Independent label Partisan is set to make a major impact in the second half of 2020 with its biggest-selling UK and Irish acts releasing new albums.
In the latest edition of Music Week, international general manager Jeff Bell opens up about the impact of Covid-19 on its release schedule.
The Brooklyn-based indie has new music from Irish band Fontaines DC (singer Grian Chatten is pictured with Idles’ Joe Talbot), whose sophomore album A Hero’s Death is out on July 31. That is followed by Idles’ third album Ultra Mono on September 25. Laura Marling has just released the physical edition of Song For Our Daughter.
With physical sales rebounding back above 20% of the overall market, Partisan is now well placed to score strong results across its release schedule in the second half of the year. But Bell admitted there were fears about the impact of coronavirus on the company early on in lockdown.
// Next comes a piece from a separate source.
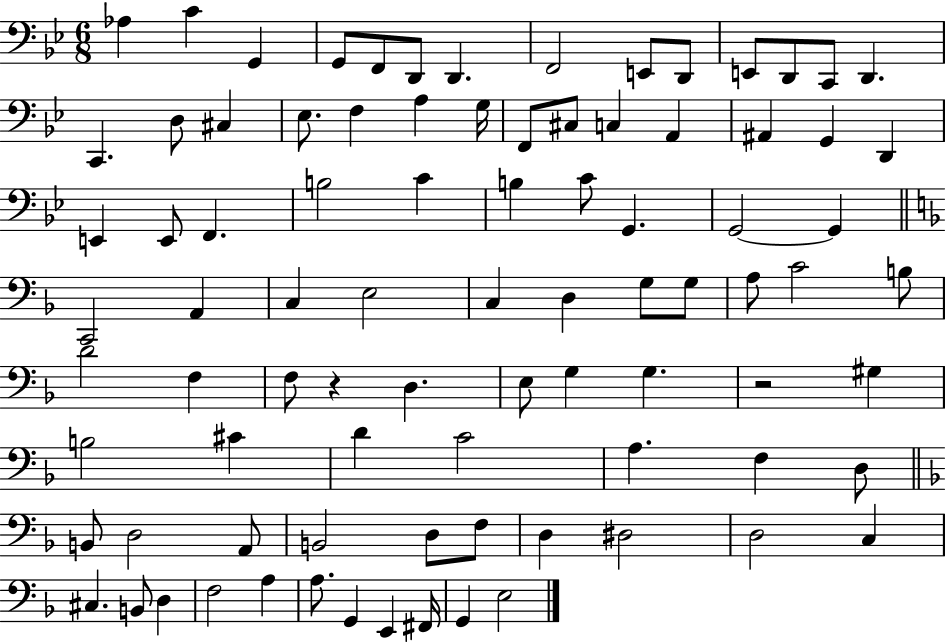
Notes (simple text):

Ab3/q C4/q G2/q G2/e F2/e D2/e D2/q. F2/h E2/e D2/e E2/e D2/e C2/e D2/q. C2/q. D3/e C#3/q Eb3/e. F3/q A3/q G3/s F2/e C#3/e C3/q A2/q A#2/q G2/q D2/q E2/q E2/e F2/q. B3/h C4/q B3/q C4/e G2/q. G2/h G2/q C2/h A2/q C3/q E3/h C3/q D3/q G3/e G3/e A3/e C4/h B3/e D4/h F3/q F3/e R/q D3/q. E3/e G3/q G3/q. R/h G#3/q B3/h C#4/q D4/q C4/h A3/q. F3/q D3/e B2/e D3/h A2/e B2/h D3/e F3/e D3/q D#3/h D3/h C3/q C#3/q. B2/e D3/q F3/h A3/q A3/e. G2/q E2/q F#2/s G2/q E3/h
“We were very concerned looking at physical retail, because that's such a big element of a lot of our artists,” he said. “Since then, retail has opened back up. I think the entire UK industry has been quite pleasantly surprised at how well physical retail has bounced back.”
During the lockdown, Bell said the label has taken various measures to support staff working remotely.
“The other thing we've done has been actively encouraging our staff to engage in social and political activism on company time,” he said. “It's something we feel very important about as a company, but also it means that they’re not using their own time to do it.”
Despite the challenging period for artist campaigns, Bell stressed that the label still has global ambitions across its roster.
“We absolutely take a global perspective on all of our artists,” he said. “Cigarettes After Sex’s first two records have collectively surpassed one million global sales. That in itself is a solid number for an ‘indie’ act these days. But the particularly exciting metric for us is that their three biggest markets – US, UK and France – make up less than a third of that number, meaning the band's international reach, particularly in Asia, India and Latin America, have allowed us to develop an exciting international network across these territories.
“It’s a network that we have invested time, energy and resources in, and are now seeing the results across the roster, including Idles, Fontaines DC, Laura Marling and, importantly, the incredible Fela Kuti catalogue.”
Following Marling’s Union Chapel livestream, Partisan confirmed that there are plans for ticketed virtual gigs from both Fontaines DC and Idles, who are selling album and livestream bundles. In the absence of touring, the label has been forced to adapt its international strategy.
“Obviously, a lot of these markets are very strongly tied to a live plot, which we try to take an active hand in planning,” said Bell. “So the pandemic has forced us to get creative with how our artists engage with these territories – be it localised content creation or being flexible with promo access across timezones – until touring can resume, which is never a bad thing.”
Laura Marling’s album was one of the first to be impacted by the Covid-19 pandemic, as the singer opted to bring forward the album as a digital release in April – the reverse of the trend for releases to be pushed back at that time.
“She wanted to bring it forward because of the epidemic,” said Bell. “She just wanted fans to have it as a source of comfort.”
The label is hopeful of a Hyundai Mercury Prize nod when the shortlist is announced on July 23.
“The critical reception has been incredible,” said Bell. “It’s one of the strongest, if not the strongest, records of her career. She is quickly becoming the elder stateswoman of her generation of singer-songwriters, which is crazy because she only turned 30 a few months ago. I think that is just a testament to the level of her artistry.”
According to the Official Charts Company, Song For Our Daughter has sales to date of 7,977, although it’s set for a new chart peak this week with the release of the physical edition three months after the digital launch. The LP will have a staggered physical release worldwide over the next month because of the logistics of rolling out an international vinyl release.
“It certainly wasn't planned, it was originally planned for an August release, and it was going to be a very traditional campaign in the lead-up with a lot of touring scheduled,” Bell told Music Week. “There were going to be multiple singles that we worked at radio, so it would have been relatively traditional in that sense.
“But to Laura's credit, she made the very early and correct decision to get the album into the hands of fans, so they could just live with it. She was very cognisant of the fact that the physical side of things would be a little more unorthodox the way it was rolled out. A big piece of the narrative of the whole campaign was just making the music available as soon as possible.”